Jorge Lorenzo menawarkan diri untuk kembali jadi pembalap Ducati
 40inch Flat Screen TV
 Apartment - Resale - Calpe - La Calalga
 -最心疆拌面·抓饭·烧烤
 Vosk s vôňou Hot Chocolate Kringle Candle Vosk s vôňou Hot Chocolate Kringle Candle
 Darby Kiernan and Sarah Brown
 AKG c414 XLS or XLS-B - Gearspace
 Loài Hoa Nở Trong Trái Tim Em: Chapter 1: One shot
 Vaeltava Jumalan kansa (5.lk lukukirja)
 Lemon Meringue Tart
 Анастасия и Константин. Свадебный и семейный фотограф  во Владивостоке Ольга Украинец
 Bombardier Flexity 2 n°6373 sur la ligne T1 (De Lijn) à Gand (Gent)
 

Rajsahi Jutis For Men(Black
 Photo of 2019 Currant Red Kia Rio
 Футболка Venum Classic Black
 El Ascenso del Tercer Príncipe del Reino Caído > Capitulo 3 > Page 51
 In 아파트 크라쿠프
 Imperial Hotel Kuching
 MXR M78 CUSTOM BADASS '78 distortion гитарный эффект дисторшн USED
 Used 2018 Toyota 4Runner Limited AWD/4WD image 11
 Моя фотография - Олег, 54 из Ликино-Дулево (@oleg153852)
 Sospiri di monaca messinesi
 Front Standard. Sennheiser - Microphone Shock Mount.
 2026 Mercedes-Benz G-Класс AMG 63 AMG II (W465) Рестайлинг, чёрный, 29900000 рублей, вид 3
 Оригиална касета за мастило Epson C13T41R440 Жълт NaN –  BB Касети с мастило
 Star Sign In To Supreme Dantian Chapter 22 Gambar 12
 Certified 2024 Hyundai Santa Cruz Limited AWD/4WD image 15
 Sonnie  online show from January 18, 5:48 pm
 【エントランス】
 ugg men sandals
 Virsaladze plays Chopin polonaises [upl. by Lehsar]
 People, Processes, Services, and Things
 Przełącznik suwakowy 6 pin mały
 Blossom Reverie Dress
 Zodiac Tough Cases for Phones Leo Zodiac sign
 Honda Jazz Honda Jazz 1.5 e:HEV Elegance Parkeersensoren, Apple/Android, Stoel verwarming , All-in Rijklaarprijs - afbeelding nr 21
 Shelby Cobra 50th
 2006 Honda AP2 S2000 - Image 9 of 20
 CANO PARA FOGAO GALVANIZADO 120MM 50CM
────────
Task directions —
Return each line of the data above that includes the word "Black".

Solution to this problem —
Rajsahi Jutis For Men(Black
 Футболка Venum Classic Black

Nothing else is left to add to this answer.